If it becomes law, the legislation will reclassify a failure to notify a sexual partner of HIV-positive status as a misdemeanor, instead of a felony.
“This legislation will save lives and take care of the whole community,” said Alejandro Acosta, coordinator for Equality Florida’s HIV Advocacy Project. “It will help decrease HIV stigma, encourage people to get tested, and get into treatment.”
Acosta, who is HIV-positive, said Florida “has a responsibility to match our law with current science.”
That means acknowledging HIV, far from the death sentence it was in the 1980s, can be treated as a chronic condition more on par with asthma or diabetes.
While there are 115,000 people living with HIV in Florida, there were less than 900 deaths from HIV-related causes in the state in 2016.
But the spread of the virus remains a concern, particularly in Florida. The state saw 4,957 documented new transmissions in 2016, according to Equality Florida.
But the impact of the disease remains demographically uneven. Only 22 percent of new transmissions in Florida were for women. Meanwhile, 42 percent were for black individuals and 32 percent were Latino.
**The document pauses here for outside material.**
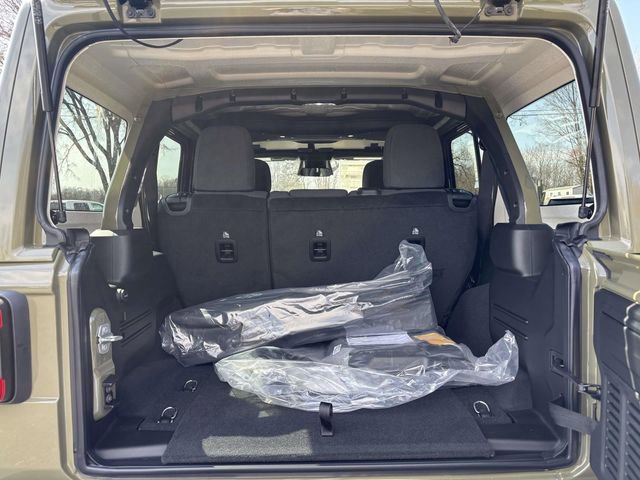 New 2026 Jeep Wrangler Unlimited Rubicon w/ Xtreme 35 Tire Package image 29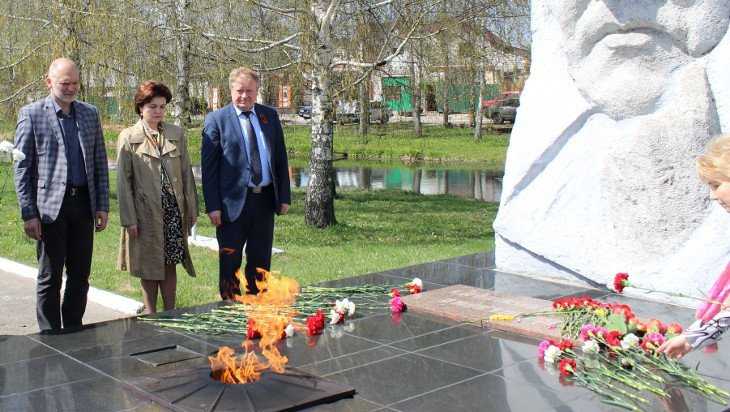 «Подобную трагедию допустить нельзя»: в Новозыбкове прошел митинг памяти Чернобыля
And date from the Centers for Disease Control shows the condition still impacts the LGBTQ more than the public as a whole. Gay and bisexual men make up 55 percent of Americans living with HIV.
At current rates, a quarter of all gay and bisexual Latino men will get HIV at some point in their life. Half of gay and bisexual black men will contract the virus.
All this may indicate an importance in being open with sexual partners about having the virus, and Duran doesn’t want failure to disclose information completely decriminalized.
But the severe legal consequence for failing to share information has led to a high number of individuals refusing to get tested for HIV. CDC data suggests 20,000 Floridians have contracted HIV but remain unaware of their status.
In an interview with HIV Plus Magazine in 2017, Acosta declined to say how long he’d had HIV, noting the current laws in Florida open individuals up to legal risk for years.
HIV-positive people can face up to 30 years in prison for failure to disclose their status with a consensual partner, and that risk comes whether the virus gets transmitted or not.
Further, current medical treatments can make HIV medically undetectable, and in turn can make the virus virtually non-transmittable.
It raises the question what obligation should exist for an individual employment safe sex practices has to a partner when there’s virtually no risk of catching HIV from an encounter.
Duran’s bill also addresses some specific issues, like acknowledging the low risk of ever transmitting HIV through oral sex.
States like California have already reduced the penalties for HIV-positive individuals withholding their status.
Efforts to change the law failed in Florida in the past. But Duran hopes a conversation based on current science can catch the law up with modern knowledge.
He notes Hepatitis C poses a greater risk and threat to public health today than HIV. Treating HIV patients as criminals at this point does more harm than good.
“We are going to create smart policy with HIV and STDs,” he said.